Uganda v Mubangizi (Criminal Session Case MASAKA CR-2013/100) [2016] UGHCCRD 35 (19 May 2016);

Cite this case
[2016] UGHCCRD 35
Short summary:

Criminal law

 

 THE REPUBLIC OF UGANDA

 

IN THE HIGH COURT OF UGANDA HOLDEN AT MASAKA

 

Criminal Session Case No. MASAKA-CR-0100 of 2013

 

 

UGANDA……………………………………………………………………….PROSECUTOR

VERSUS

MUBANGIZI STANLEY………………………………………………………ACCUSED.

 

BEFORE HON. JUSTICE MS MARGARET TIBULYA

RULING

The accused is indicted with murder contrary to section 188 and 189 of the Penal Code Act.

Pw1 (Nalugo Elizabeth-10 years old) testified that Kamugisha Hellen (the deceased) was her mother with whom she was staying with her. One night two men entered their house and demanded for money from the deceased. She gave them the money and the men went out. Pw1’sstep mother who was outside the house told them to kill the deceased and the men returned, tied the legs and hands of the deceased, put a cloth in her mouth and killed her.

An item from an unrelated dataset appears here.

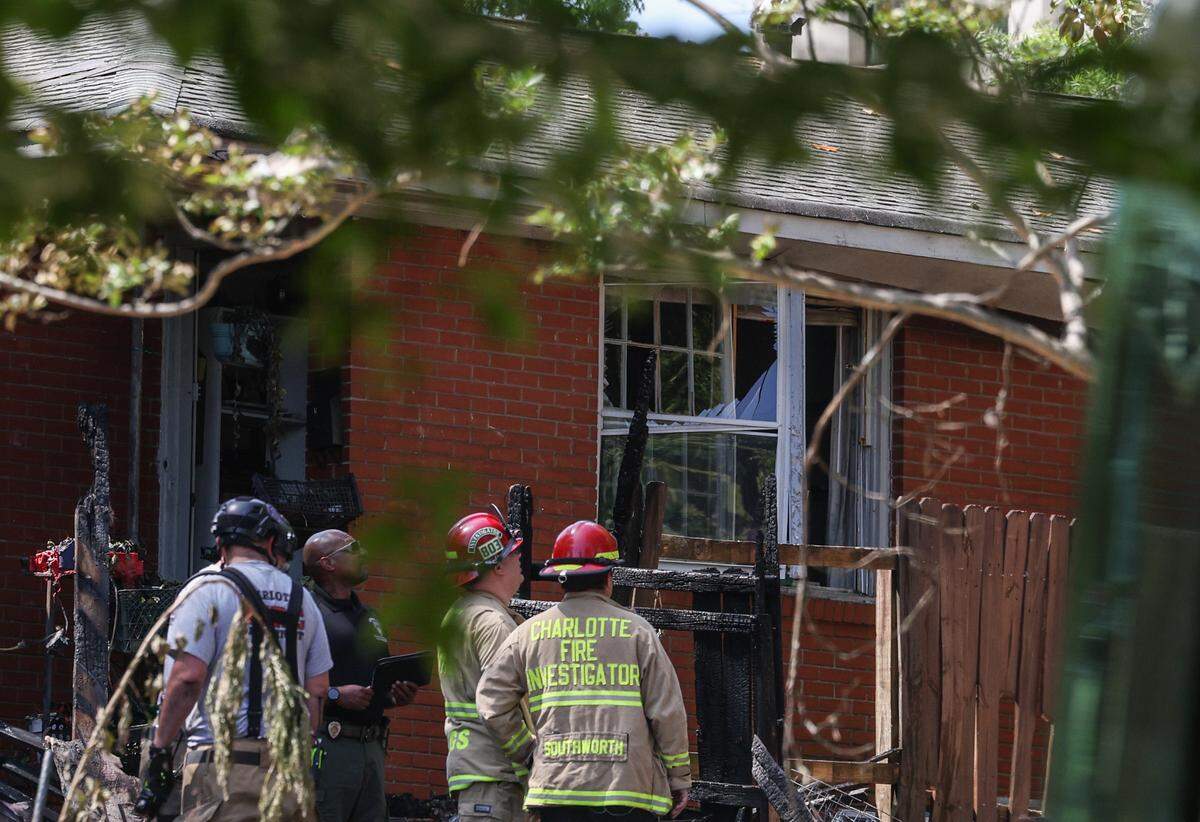Charlotte Fire Department officials work at the site of a house fire near Freedom Park after an explosion was reported early morning in Charlotte, NC on Friday, May 2, 2025.
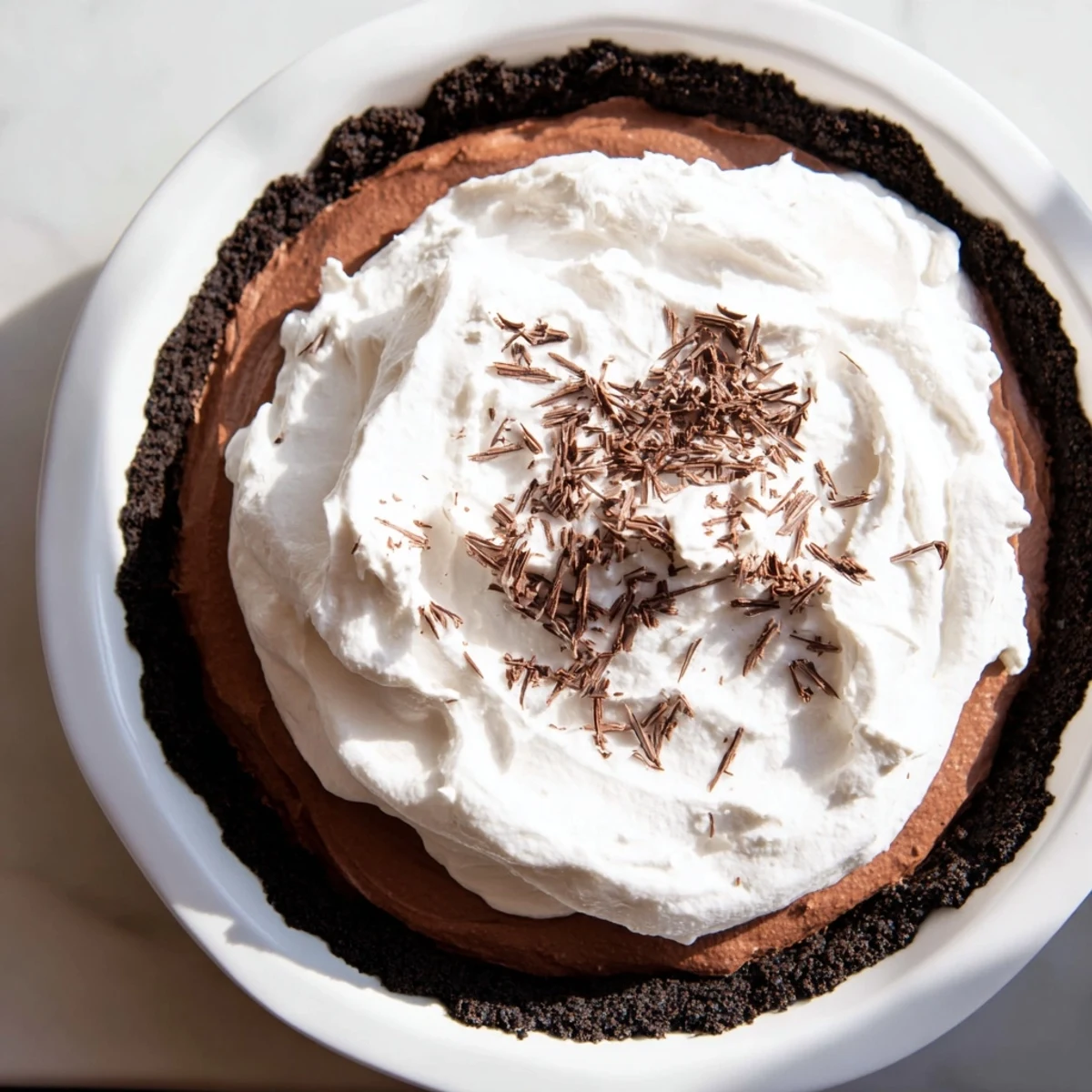 Velvety slices of Romantic Chocolate Silk Pie served chilled on a white plate, garnished with rich chocolate shavings.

They had removed her from her bed and put her on the floor. They beat Pw1 on the stomach with a stick when she touched her mother, then wrapped her in a mattress. She (Pw1) fell asleep. The assailants had a torch and there was light in the house, but she could not see the men’s faces. She however knew one of them by the name of Stanley, the accused.He used to come to her step mother’s homeand she used to talk to him. She heard his voice which she knew.

When she woke up in the morning she informed Pw3 (Wasswa Peter) and Pw5 (Ruth Tibasuulwa) about the attack. They went to the deceased’s house and found her body. Pw1 did not name any body as the attacker.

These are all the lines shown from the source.